When you showed me images of your installation and performance "Waxing and Waning," I saw a work sprung from similar impulses. In the live performance you snip the heads of flowers and dip them in wax (a Victorian practice), filling a long table. You are wearing your mother's wedding dress and there is a video projection in which your daughter tears the petals of daisies, repeating "he loves me, he loves me not." There is this conflux of different media, of presenting the remnants of the performance as objects in an installation and the experience of time - as represented through 3 generations of women and the desire to preserve something that will change or decay (flowers, symbols, roles, love.) I am curious what your thoughts are on the subject of process and permanence, the trace of experience left on a body or embedded in an object. The depth of your investigations were evident in your curating of "Absence/Excess/Loss," and I was not surprised to see it as an extension of your studio practice.

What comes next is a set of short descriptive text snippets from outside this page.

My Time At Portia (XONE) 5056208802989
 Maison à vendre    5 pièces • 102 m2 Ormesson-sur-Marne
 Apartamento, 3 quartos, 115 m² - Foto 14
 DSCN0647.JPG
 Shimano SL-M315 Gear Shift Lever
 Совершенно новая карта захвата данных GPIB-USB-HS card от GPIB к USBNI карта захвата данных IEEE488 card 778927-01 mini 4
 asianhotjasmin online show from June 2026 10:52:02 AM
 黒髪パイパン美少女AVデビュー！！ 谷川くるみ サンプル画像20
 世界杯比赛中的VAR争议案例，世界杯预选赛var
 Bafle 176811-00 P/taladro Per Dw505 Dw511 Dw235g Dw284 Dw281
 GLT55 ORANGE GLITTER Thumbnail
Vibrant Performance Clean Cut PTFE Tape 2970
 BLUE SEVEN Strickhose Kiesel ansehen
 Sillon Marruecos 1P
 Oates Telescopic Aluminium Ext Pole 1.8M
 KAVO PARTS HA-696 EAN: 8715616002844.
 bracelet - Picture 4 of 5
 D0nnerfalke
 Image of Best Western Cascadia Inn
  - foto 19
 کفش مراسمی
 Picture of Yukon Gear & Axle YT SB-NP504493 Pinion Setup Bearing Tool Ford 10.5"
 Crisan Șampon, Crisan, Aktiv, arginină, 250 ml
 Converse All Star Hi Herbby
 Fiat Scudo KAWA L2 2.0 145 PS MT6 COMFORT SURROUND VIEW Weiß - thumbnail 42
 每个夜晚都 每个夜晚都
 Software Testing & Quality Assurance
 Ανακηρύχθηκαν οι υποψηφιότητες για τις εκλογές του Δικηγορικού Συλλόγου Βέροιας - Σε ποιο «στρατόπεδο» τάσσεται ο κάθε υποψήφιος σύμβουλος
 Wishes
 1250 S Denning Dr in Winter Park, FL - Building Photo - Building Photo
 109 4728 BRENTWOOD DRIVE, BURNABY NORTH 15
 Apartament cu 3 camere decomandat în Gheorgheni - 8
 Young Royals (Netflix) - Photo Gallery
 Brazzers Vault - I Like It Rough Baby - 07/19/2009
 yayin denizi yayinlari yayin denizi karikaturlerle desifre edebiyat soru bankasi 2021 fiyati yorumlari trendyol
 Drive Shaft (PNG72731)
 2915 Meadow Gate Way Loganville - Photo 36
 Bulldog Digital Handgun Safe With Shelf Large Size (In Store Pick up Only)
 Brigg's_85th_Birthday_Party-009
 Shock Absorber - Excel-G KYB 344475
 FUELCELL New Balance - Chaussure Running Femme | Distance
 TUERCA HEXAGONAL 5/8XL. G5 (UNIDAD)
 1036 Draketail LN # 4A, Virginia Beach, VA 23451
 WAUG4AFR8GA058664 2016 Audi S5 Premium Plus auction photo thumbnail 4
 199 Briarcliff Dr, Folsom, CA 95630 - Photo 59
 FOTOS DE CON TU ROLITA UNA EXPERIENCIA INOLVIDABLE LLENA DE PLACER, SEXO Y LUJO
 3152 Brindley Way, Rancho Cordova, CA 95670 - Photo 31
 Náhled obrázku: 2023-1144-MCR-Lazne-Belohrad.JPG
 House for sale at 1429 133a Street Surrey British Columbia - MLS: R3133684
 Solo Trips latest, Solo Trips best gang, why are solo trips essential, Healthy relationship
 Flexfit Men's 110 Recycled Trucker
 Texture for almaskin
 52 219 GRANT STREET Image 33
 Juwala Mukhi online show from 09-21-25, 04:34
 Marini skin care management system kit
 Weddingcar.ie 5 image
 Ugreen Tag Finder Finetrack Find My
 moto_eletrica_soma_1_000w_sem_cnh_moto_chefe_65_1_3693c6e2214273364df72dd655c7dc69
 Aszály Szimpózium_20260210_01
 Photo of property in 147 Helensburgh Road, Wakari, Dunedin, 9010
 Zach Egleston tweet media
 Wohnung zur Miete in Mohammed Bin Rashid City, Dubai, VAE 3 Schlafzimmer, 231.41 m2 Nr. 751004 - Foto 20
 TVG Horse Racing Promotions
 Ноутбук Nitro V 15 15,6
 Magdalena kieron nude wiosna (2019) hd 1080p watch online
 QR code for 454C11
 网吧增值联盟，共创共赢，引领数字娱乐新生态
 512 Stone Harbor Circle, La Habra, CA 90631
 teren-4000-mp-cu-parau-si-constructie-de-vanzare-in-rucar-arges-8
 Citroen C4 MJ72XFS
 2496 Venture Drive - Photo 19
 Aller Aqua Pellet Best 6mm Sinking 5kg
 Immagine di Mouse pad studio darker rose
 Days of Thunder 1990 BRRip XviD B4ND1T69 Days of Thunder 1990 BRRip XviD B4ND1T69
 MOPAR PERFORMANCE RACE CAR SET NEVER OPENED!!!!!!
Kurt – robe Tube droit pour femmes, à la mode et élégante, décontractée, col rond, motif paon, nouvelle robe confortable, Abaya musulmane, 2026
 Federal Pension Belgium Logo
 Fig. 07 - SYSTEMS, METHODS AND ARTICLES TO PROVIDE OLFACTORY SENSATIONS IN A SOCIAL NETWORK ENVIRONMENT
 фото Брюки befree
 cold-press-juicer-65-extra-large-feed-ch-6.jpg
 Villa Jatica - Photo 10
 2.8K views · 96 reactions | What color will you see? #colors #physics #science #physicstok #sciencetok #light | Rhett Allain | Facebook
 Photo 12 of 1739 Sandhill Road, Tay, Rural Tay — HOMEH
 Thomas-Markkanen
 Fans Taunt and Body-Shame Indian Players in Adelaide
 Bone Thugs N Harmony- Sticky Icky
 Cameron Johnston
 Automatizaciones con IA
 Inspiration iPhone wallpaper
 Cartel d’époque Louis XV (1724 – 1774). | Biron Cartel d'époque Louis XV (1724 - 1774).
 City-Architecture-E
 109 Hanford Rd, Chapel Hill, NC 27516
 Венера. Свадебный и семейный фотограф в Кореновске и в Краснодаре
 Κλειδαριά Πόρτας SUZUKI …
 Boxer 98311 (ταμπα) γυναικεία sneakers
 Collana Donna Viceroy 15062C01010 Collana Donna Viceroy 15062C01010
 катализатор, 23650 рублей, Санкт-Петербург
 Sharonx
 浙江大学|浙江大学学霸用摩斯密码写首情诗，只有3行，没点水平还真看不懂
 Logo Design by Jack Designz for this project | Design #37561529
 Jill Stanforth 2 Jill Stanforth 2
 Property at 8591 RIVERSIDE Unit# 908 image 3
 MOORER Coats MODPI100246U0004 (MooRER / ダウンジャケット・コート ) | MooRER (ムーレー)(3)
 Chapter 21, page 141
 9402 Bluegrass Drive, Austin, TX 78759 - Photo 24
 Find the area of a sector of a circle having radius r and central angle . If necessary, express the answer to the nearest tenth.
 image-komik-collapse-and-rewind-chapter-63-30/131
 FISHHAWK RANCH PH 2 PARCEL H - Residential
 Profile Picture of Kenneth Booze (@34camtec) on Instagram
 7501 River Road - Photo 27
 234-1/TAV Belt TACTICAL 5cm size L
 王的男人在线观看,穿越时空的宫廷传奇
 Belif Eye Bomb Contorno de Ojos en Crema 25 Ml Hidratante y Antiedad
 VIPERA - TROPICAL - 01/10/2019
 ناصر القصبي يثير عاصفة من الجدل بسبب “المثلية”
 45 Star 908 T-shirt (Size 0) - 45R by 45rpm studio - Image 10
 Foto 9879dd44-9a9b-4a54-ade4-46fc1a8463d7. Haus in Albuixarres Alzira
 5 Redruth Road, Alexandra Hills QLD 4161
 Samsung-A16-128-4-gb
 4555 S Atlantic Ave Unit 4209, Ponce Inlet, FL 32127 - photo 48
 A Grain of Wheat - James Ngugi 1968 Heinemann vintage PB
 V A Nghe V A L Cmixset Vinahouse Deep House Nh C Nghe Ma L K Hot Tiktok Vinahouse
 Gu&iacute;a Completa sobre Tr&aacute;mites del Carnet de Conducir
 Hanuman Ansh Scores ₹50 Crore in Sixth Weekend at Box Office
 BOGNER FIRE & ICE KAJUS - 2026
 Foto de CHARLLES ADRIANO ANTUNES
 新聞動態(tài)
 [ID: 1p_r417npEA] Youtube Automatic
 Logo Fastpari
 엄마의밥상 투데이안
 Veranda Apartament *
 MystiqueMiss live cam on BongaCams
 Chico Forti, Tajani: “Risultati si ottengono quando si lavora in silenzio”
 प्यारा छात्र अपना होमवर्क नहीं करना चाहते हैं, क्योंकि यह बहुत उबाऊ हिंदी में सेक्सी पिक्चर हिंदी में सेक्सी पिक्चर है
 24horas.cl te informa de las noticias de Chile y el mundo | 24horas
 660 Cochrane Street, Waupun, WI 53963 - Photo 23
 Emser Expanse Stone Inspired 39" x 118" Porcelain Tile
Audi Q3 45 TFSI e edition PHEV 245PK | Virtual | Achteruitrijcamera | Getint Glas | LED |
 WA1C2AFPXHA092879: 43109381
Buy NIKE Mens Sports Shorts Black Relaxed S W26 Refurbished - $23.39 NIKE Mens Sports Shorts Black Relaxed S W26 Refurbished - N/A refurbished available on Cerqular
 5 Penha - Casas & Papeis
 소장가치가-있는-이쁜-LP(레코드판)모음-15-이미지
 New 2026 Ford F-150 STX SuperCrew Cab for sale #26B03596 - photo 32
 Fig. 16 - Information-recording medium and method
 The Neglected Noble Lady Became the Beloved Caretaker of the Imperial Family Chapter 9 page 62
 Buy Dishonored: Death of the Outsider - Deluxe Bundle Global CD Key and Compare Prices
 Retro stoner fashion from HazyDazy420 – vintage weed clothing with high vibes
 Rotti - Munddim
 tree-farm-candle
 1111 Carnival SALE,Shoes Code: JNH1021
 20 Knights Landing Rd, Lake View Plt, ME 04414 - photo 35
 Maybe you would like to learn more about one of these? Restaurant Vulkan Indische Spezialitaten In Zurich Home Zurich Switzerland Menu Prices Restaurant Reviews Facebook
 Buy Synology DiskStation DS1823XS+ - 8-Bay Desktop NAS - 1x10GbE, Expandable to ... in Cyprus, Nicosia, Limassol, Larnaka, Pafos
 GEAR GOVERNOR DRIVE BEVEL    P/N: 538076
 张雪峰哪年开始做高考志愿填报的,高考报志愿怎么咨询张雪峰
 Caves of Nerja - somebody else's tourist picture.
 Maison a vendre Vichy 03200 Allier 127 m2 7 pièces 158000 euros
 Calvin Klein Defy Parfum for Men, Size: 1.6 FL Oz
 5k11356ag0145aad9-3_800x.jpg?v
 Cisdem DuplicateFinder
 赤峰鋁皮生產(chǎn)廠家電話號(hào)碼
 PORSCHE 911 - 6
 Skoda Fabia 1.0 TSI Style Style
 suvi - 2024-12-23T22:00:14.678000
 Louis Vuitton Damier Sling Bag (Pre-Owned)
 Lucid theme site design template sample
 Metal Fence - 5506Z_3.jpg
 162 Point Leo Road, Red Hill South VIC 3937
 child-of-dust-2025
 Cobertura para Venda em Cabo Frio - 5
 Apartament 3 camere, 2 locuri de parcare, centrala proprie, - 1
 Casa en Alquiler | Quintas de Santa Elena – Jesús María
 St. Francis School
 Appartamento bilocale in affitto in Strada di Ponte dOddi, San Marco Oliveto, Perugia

SARAH: That is incredibly astute on your behalf. I consider my studio work to be process, or performative-based, frequently emphasizing ephemeral materials, (extra)ordinary labor, and a methodology of gathering, collecting, organizing, caring, and tending. For example, in Waxing/Waning, I considered how the Victorian process of waxing flowers was originally conceived to preserve the vibrant bloom of the cut flower. Yet, while the veil of wax may prolong the color, the technique proves to be only a temporary solution; the flower continues to wither and fade underneath its hardened shell. Obviously, flowers have traditionally functioned both as tokens of affection and as symbols of mourning. As ephemeral objects they bloom, and they decay. From the games of childhood to adult rituals of passage, Waxing/Waning referenced the organic nature of human relationships and how meaning is formed through the acts of repetition, accumulation, transformation. As objects, encoated with a protective skin of wax, the blossom remains as a durable trace of what once was.



Due to the nature of the materials, I had originally assumed that the work would only exist the one time it was shown at Visual Studies Workshop, Rochester, NY. However, that has turned out not to be the case because in addition to the primary video projection of my daughter's hands separating daisy petals from their stems, a second video was creating documenting the performance. It is within this work that an almost meta-performance occurs, mimicking the action I had repeated privately in my studio, when I dipped thousands of flowers into paraffin in preparation for the actual exhibition. The second video captures me walking through my daughter's projection, dressed in my mother's wedding dress, as I arrange the flowers on the table. Thus, a conversation is created linking three generations of women in my family. As I have since watched the performance, I cannot help thinking of Roland Barthes' thoughts on the experience of being photographed in Camera Lucida, for I am "neither subject nor object but a subject that who feels (she) is becoming an object." I have exhibited this second video in additional venues, with my mother's wedding dress, now also encoated with small droplets of white wax, and the text, "he loves me, he loves me not," embroidered in in a golden script around the hem and train of the skirting. Of course, it is different than the original work, but I think it is no less poignant - issues of physicality, memory, role playing continue to resonate.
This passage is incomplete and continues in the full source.